Paul Furlan: «Le renouvelable est cher»

Le ministre wallon de l’Energie travaille sur la manière dont le vert doit trouver sa place en Wallonie. Entretien

Temps de lecture: 7 min

Les contours du paysage énergétique wallon sont remis sur la table à dessin. Après avoir revu les primes énergie-rénovation, le ministre de l’Energie, Paul Furlan (PS), travaille à de nouvelles orientations pour la production d’énergie renouvelable – seule compétence régionale dans ce domaine, le reste est fédéral.

Deux fronts se dégagent : une étude commandée au consultant Capgemini pour déterminer le potentiel des différentes filières du renouvelable ; et la répartition d’objectifs climatiques et énergétiques belges entre les Régions et le fédéral. Ce burden sharing concerne l’objectif de renouvelable, les émissions de gaz à effet de serre, la répartition du produit (200 millions) de la vente des quotas de CO2.

Une discussion difficile…

Le dossier est bloqué depuis 2008. J’avais trois possibilités. Un : calquer l’objectif wallon de renouvelable sur l’objectif belge (13 % de renouvelable en 2020, NDLR). Cela n’aurait pas été solidaire avec Bruxelles, qui est incapable d’en faire autant. Deux : fixer un objectif, comme l’a fait le précédent gouvernement. Cela aurait un impact économique non négligeable ; on peut être volontariste, mais le consommateur, lui, il voit la facture. Trois : mettre toute mon énergie à trouver un accord. C’est ce que je fais. Il faut un deal avant la conférence de Paris sur le climat, en décembre. Les débats progressent. J’ai rencontré mes collègues régionaux et du fédéral. Je verrai en tête-à-tête ma collègue flamande. C’est là que se trouve le blocage. Les Flamands sont plus refermés que jamais. Que Joke Schauvliege soit ministre CD&V est de nature à aider.

L’accord est essentiel : nous avons budgété 40 millions d’euros pour lancer un système de tiers investisseurs afin de financer des travaux économiseurs d’énergie dans le secteur public (communes…), le non-marchands (hôpitaux…) et les PME. Cet argent viendra des quotas CO2.

La Wallonie fait toujours dépendre sa contribution au Fonds vert pour le climat de l’accord intrabelge…

On libérera cet argent s’il y a un accord sur le burden sharing. Il faut un moyen de pression si on veut des solutions.

Et attendant cet accord ?

L’étude Capgemini de 2010 est en cours d’actualisation. Elle donnait au gouvernement wallon les priorités d’investissement par filière de renouvelable. Mais on n’actualise pas n’importe comment. Dans le passé, le développement du renouvelable était devenu un dogme. On n’envisageait pas ou peu son impact sur la facture du consommateur. Et on n’étudiait pas sa contrepartie en termes de création d’emplois et d’activités en Wallonie. Sur la base de l’étude, il faudra faire des choix d’options. Et déterminer des niveaux de soutien public. Je ferai une proposition au gouvernement dans le courant du mois d’avril.

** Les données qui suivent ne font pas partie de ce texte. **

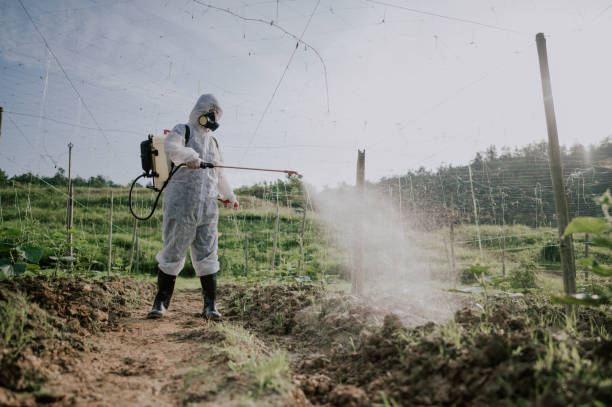 Best Best Pest Control Companies  in Castalia, OH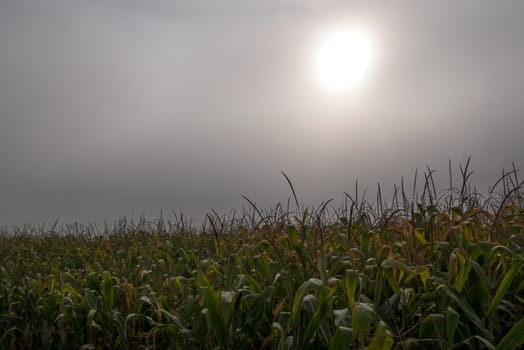 Top of the green corn field.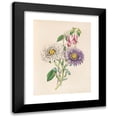 thumbnail image 1 of James Ackerman 11x14 Black Modern Framed Museum Art Print Titled - China-Aster and Fuchsia (1847), 1 of 5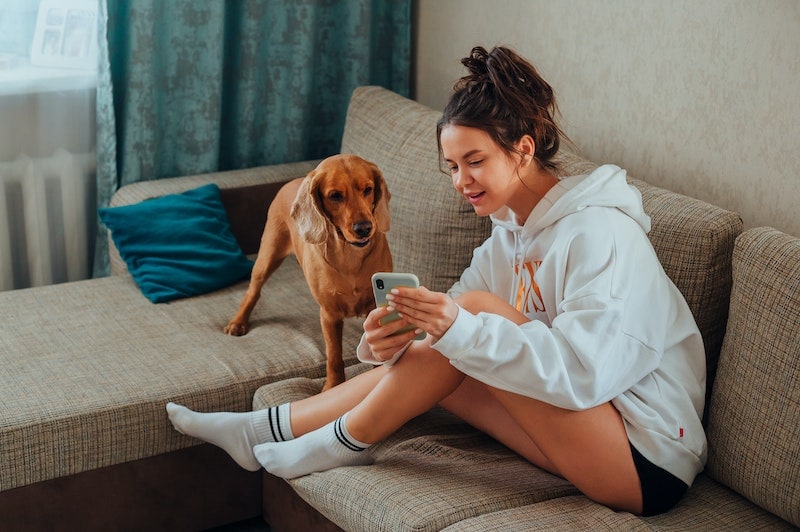 Woman showing phone to a brown dog Ivan Babydov
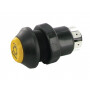 Interrupteur PNEUTRON 11100240PN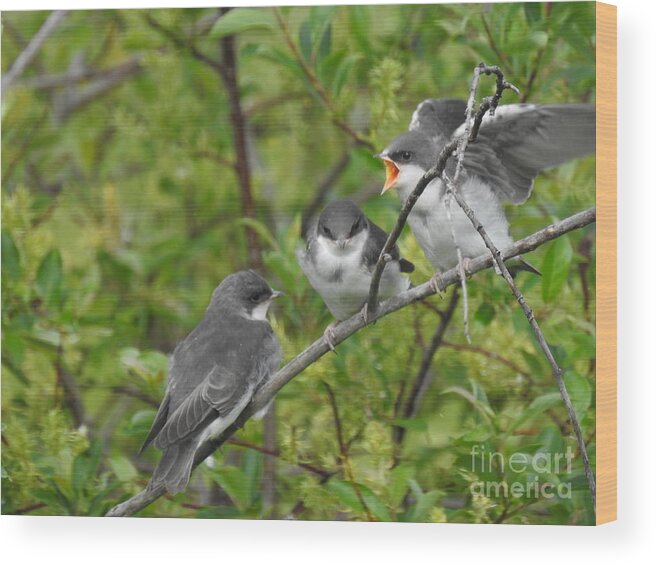 Tree Swallows Wood Print featuring the photograph Fledgling Tree Swallows by Nicola Finch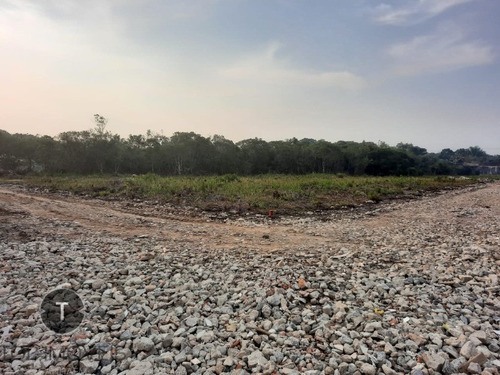 Imagem 12 de 12 de Terreno A Venda No Bairro Tupy Em Itanhaém, Com Entrada De R$ 4.000,00 Reais E Parcelas De R$ 549,00 Reais Fixas. - Te00040 - 70170433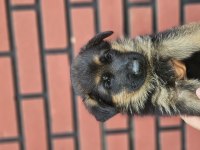 Fci scr alman çoban köpeği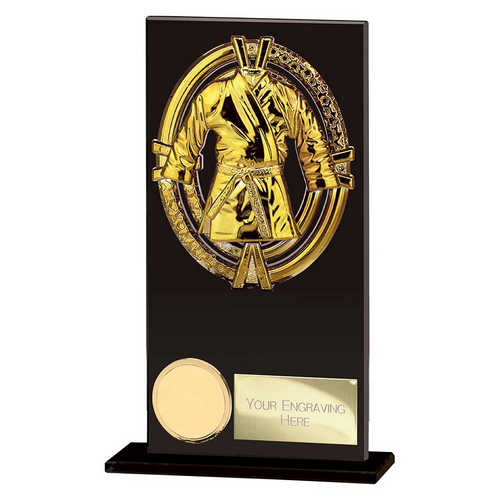 Maverick Martial Arts Trophy | 160mm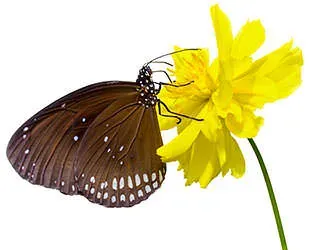 flower-nectar-feeding-butterfly.webp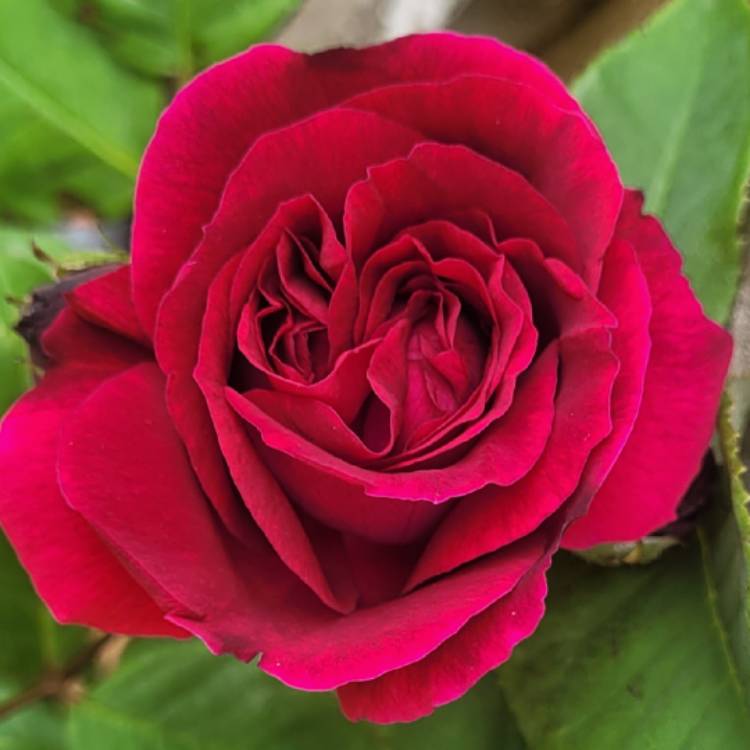 Plant image Rosa 'Souvenir du Docteur Jamain'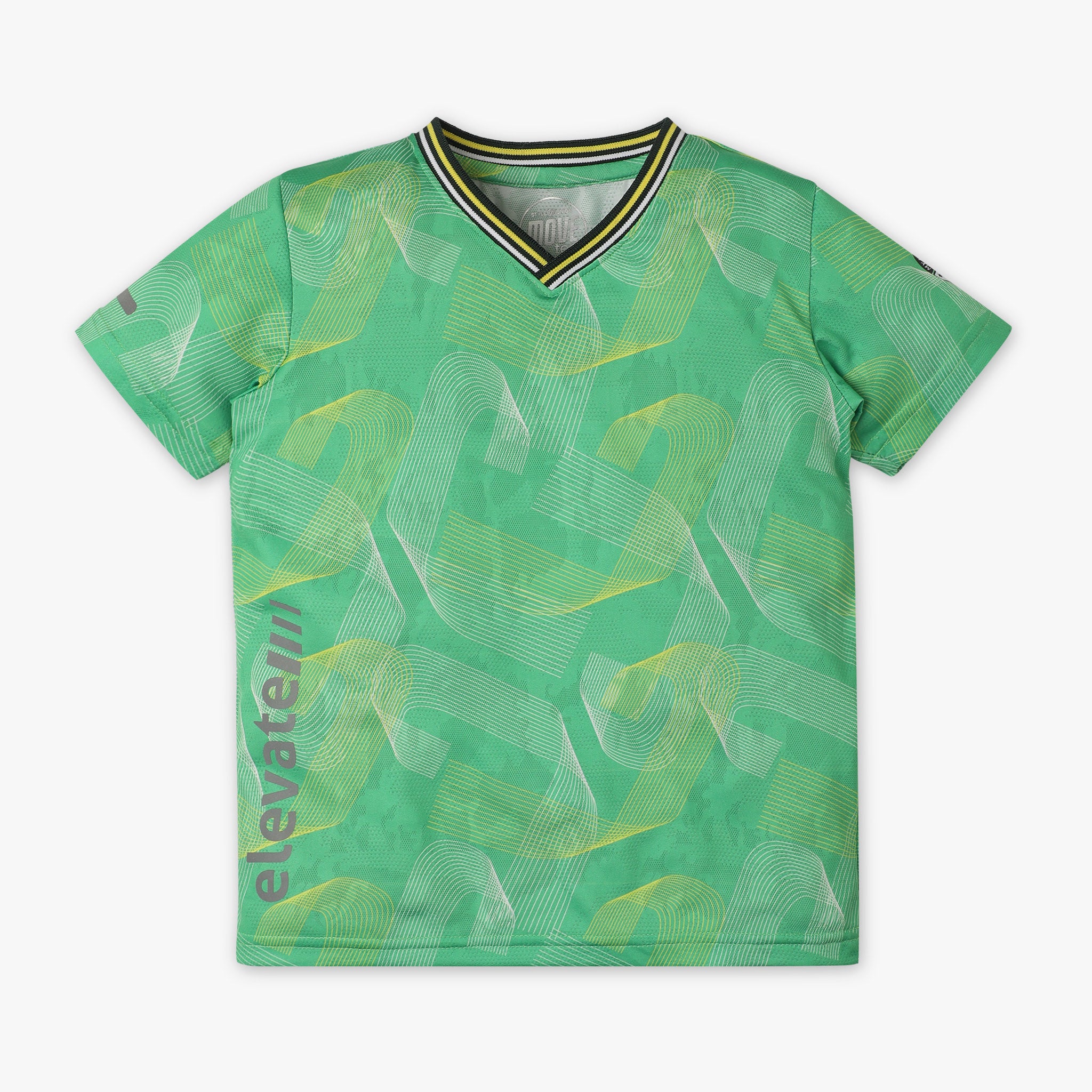Boys Regular Fit Crew Neck Printed T-Shirt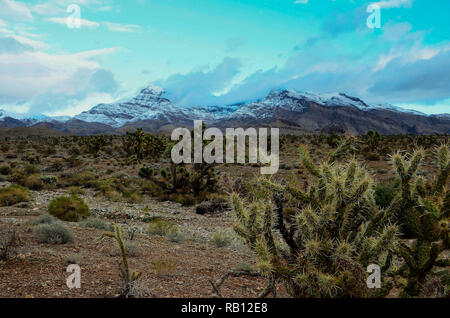 Joshua Bäume und Beaver Dam Berge im Joshua Tree Scenic Byway. Stockfoto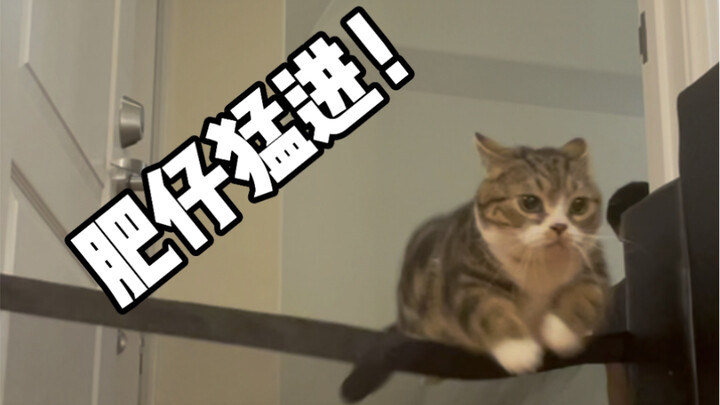 Plump Heavenly Little Female Cop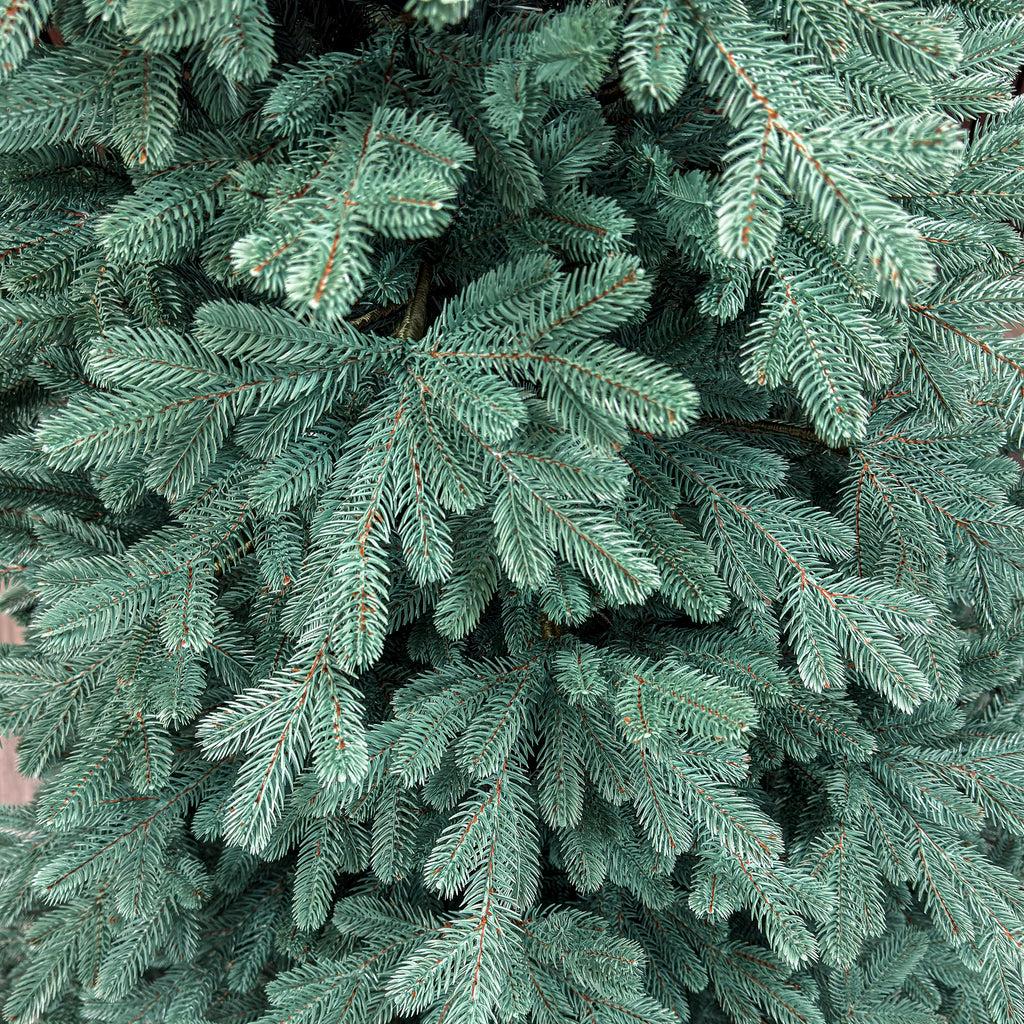 Brad artificial Christmas Deluxe by , Viena Select argintiu, integral 3D, 250 cm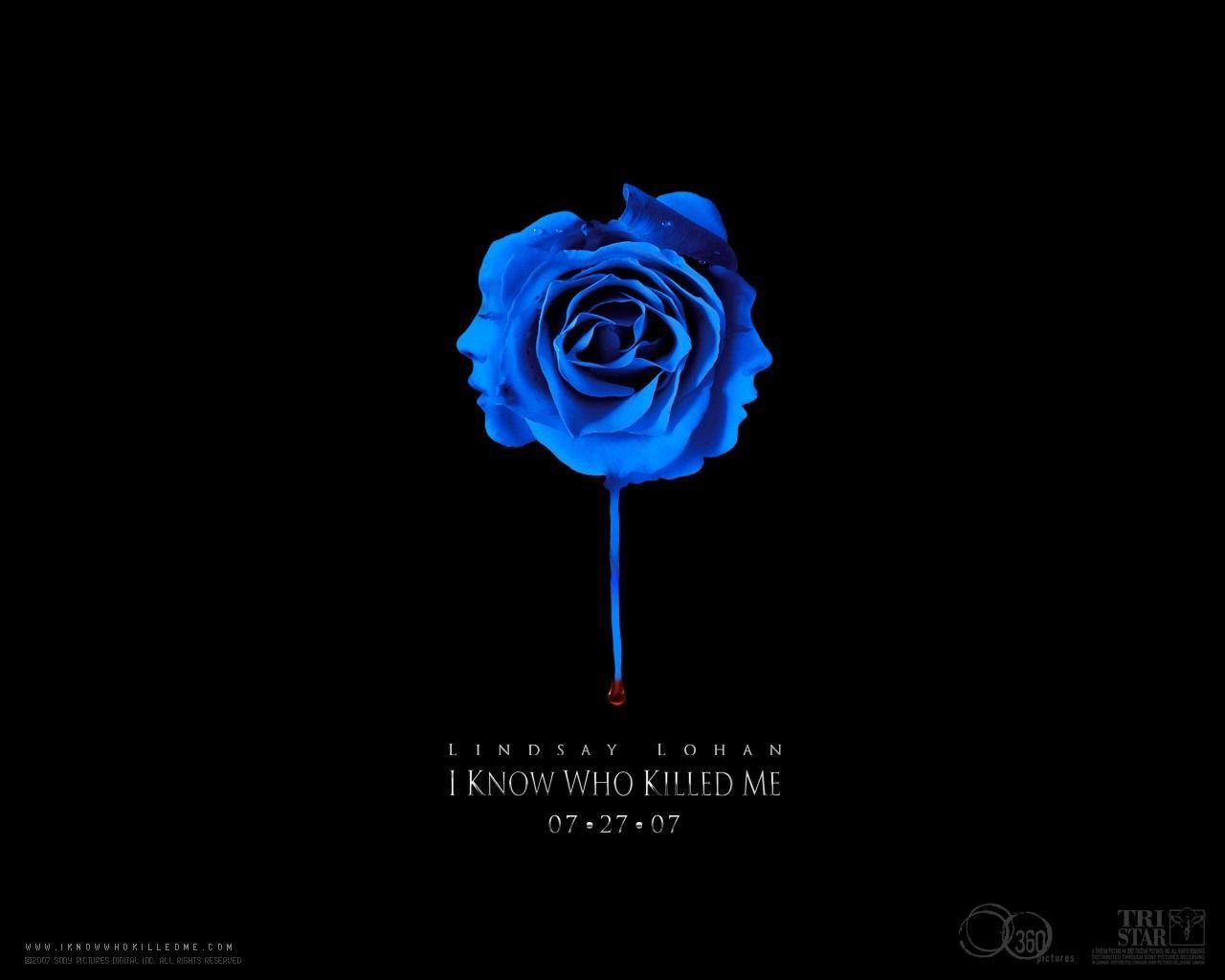 1280x1024 Desktop Wallpaper Know Who Killed Me, blue rose. Free Desktop Background 1280x1024
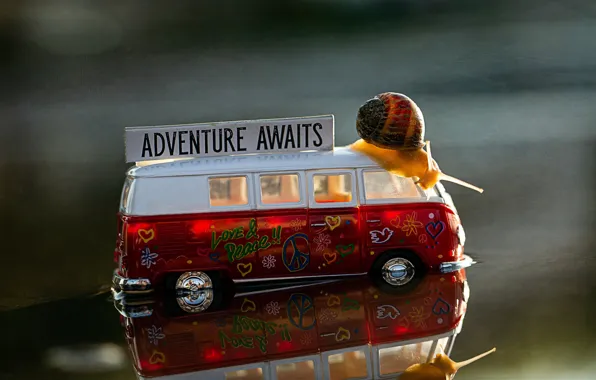 Water, macro, reflection, background, toy, snail, puddle, bus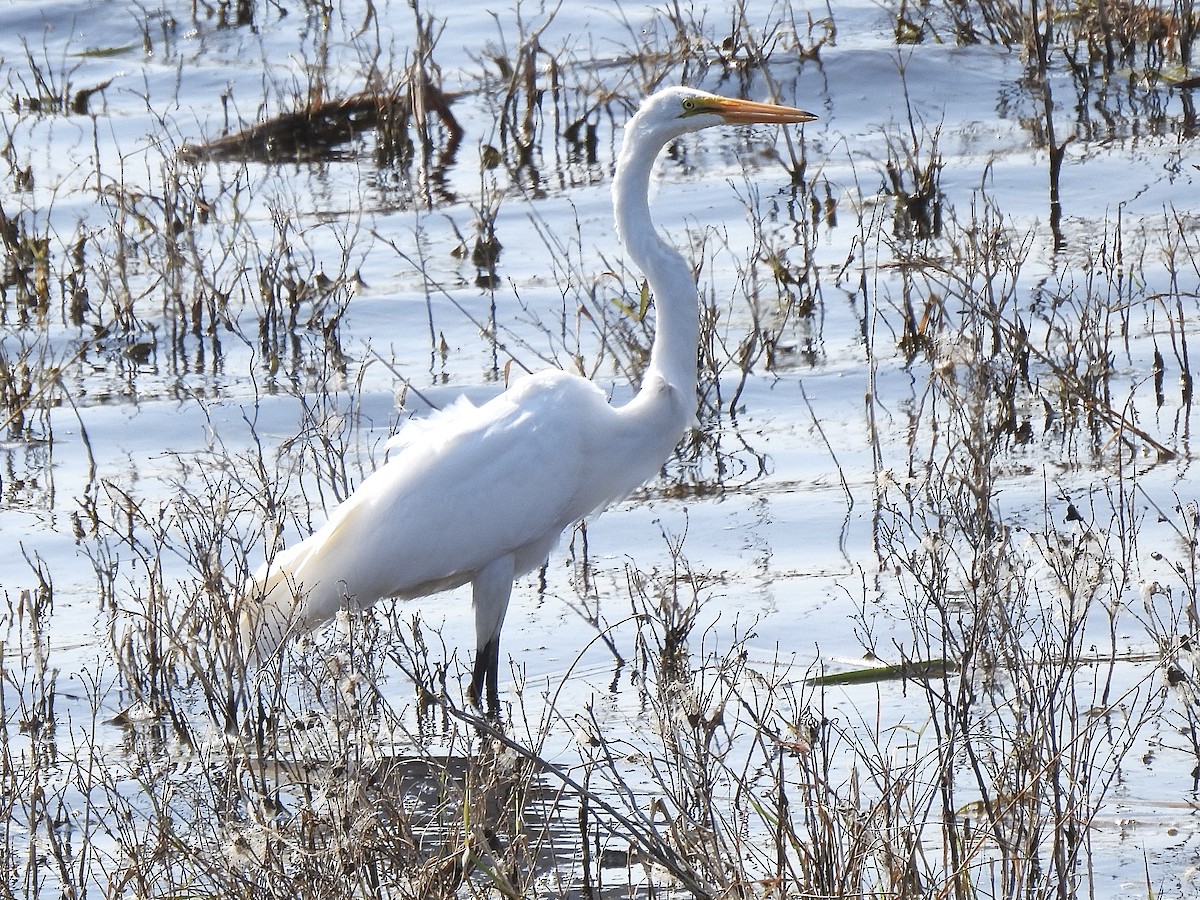 Цасч дэглий - ML623562646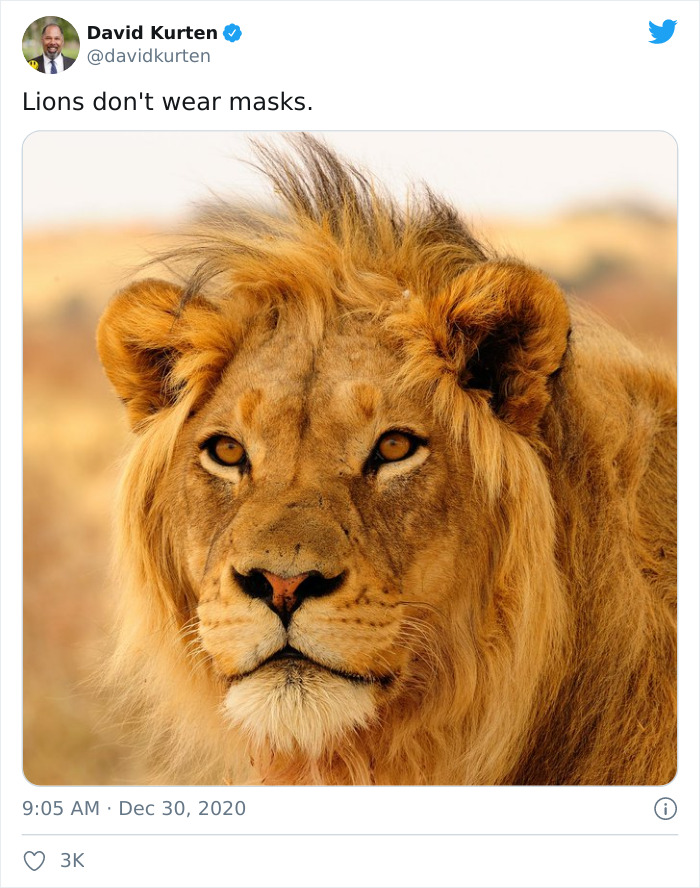 lions group - David Kurten Lions don't wear masks. 3K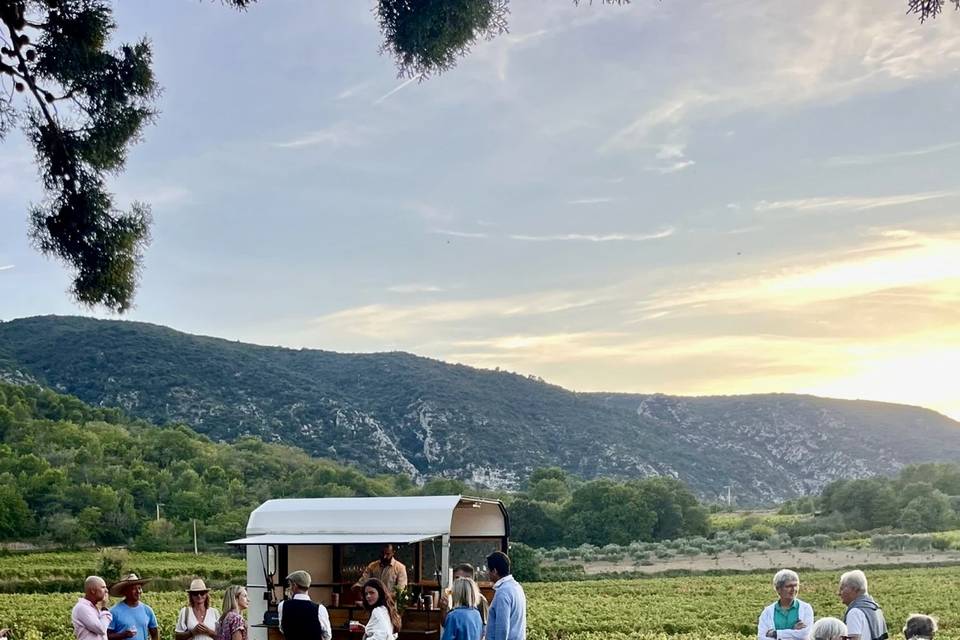 Sunset cocktails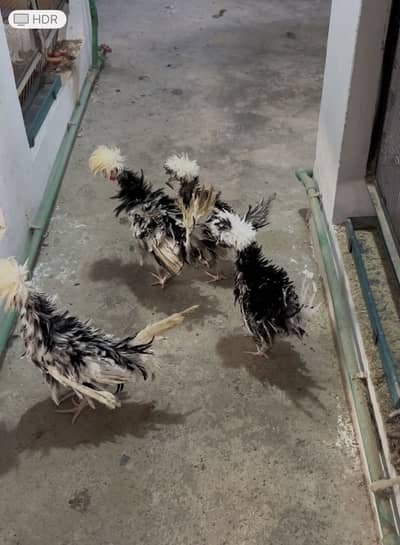 Molted Frizzle Polish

Le précédent gouvernement avait prévu de produire 8.000 GWh d’électricité d’origine renouvelable en 2020, dont 3.800 par l’éolien. Que reste-t-il de cet objectif ?

Il se trouve dans le décret éolien mais doit encore être confirmé par le gouvernement. On a demandé à Capgemini d’élaborer des scénarios à 2020 et à 2030 et de calculer le développement des filières jusqu’à un certain volume de production. Ce sera au gouvernement de définir la répartition par filière. Je proposerai un modèle optimal à l’horizon 2020-2030. Au gouvernement, il y aura des arbitrages. Un compromis entre une vision à long terme idéale de la société et sa traduction en termes de coût, notamment pour la facture du consommateur.

Le renouvelable est trop cher ?

Le renouvelable est cher.

Mais il rapporte…

Il peut rapporter.

Les autres filières coûtent…

Toutes les filières coûtent. La filière verte n’est pas forcément la plus chère en termes de soutien public. Je n’ai pas de dogme. Il faut mettre en regard le coût des renouvelables avec le coût des filières non renouvelables. Ça fait partie intégrante de l’étude Capgemini.

On a parfois l’impression que le débat est réduit au prix. Mais on n’évoque pas les coûts cachés des filières traditionnelles, comme la dépendance énergétique, la pollution…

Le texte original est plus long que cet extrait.